Le chef du gouvernement populiste italien, Giuseppe Conte, a refusé jeudi soir d'approuver une première salve de conclusions, portant notamment sur la défense et le commerce, avant même que ne commence le débat sur les migrations entre les dirigeants des 28.
"Rien n'est approuvé tant que tout n'est pas approuvé", a justifié une source gouvernementale italienne pour expliquer sa position, tandis que les présidents de la Commission européenne et du Conseil européen devaient reporter à vendredi la conférence de presse prévue jeudi soir à mi-parcours du sommet.
"Nous attendons des actes", avait d'emblée déclaré à son arrivée à Bruxelles le Premier ministre italien, qui reproche à ses voisins de laisser l'Italie gérer seule les arrivées de migrants. Il avait alors déjà menacé de bloquer l'adoption de conclusions communes, qui doit recueillir l'unanimité.
L'UE "face à son destin"
Le Conseil européen réuni à Bruxelles ponctue deux semaines de bras de fer diplomatique autour de navires transportant des migrants secourus en Méditerranée, auxquels Rome a refusé l'accostage.
Il est aussi marqué par la fragilité inédite de la chancelière allemande Angela Merkel, dont l'autorité est défiée sur la question migratoire. Son ministre de l'Intérieur menace de refouler aux frontières les migrants déjà enregistrés ailleurs, de manière unilatérale, faute de mesures européennes contre les déplacements de migrants dans l'UE.
"L'Europe a beaucoup de défis mais celui lié à la question migratoire pourrait décider du destin de l'Union européenne", a prévenu jeudi Angela Merkel, appelant à des solutions "multilatérales" et non "unilatérales".
Le président français Emmanuel Macron est allé dans le même sens, écartant les "solutions nationales" à la question migratoire. "Je défendrai des solutions européennes de coopération dans l'UE", a-t-il plaidé à son arrivée à Bruxelles.
ats/ebz
Dérogation provisoire ou non aux principes de Dublin?
Le sommet devait initialement permettre de débloquer la réforme du régime d'asile européen, enlisée depuis deux ans. Mais cet objectif a été abandonné, les divergences étant trop fortes sur la réforme du Règlement de Dublin, qui confie aux pays de première entrée dans l'UE la responsabilité des demandes d'asile.
La Commission propose de déroger à ce principe ponctuellement en période de crise, avec une répartition des demandeurs d'asile dans l'UE depuis leur lieu d'arrivée.

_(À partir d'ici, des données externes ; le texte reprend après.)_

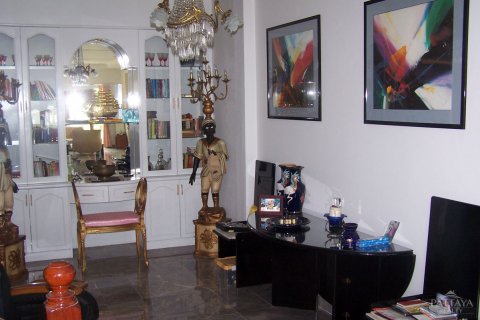 Casa de 5 dormitorios en Pattaya, Tailandia № 22825 - foto 9
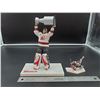 Image 2 : McFarlane Premium On Ice Hockey Figurine - Martin Brodeur Devil holding Cup - includes mini Figure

Mais des pays comme la Hongrie et la Pologne, soutenus par l'Autriche, s'y opposent frontalement.
L'Italie demande au contraire un système permanent de répartition, et l'abandon pur et simple du principe de la responsabilité du pays d'arrivée.
La Libye s'estime abandonnée par l'Europe
Pour intercepter ou sauver des migrants en Méditerranée, les garde-côtes libyens ne disposent que de quatre navires, dont un "en panne", restant parfois à quai... faute de carburant.
"Nous ne recevons aucun soutien, ni de l'intérieur (du pays) ni de l'extérieur", a déploré le général Ayoub Kacem, porte-parole de la marine libyenne, précisant que les vedettes utilisées par ses hommes sont "prêtées" par Rome depuis 2010.
"Les navires ont atteint leur limite", a-t-il ajouté, mettant en garde contre un "effondrement total" des gardes-côtes libyens.
Plongée dans le chaos depuis la chute du régime de Mouammar Kadhafi en 2011 et minée par les luttes d'influence, l'insécurité et une crise économique, la Libye estime avoir été abandonnée par l'Europe pour faire face seule aux flux de migrants transitant sur son territoire.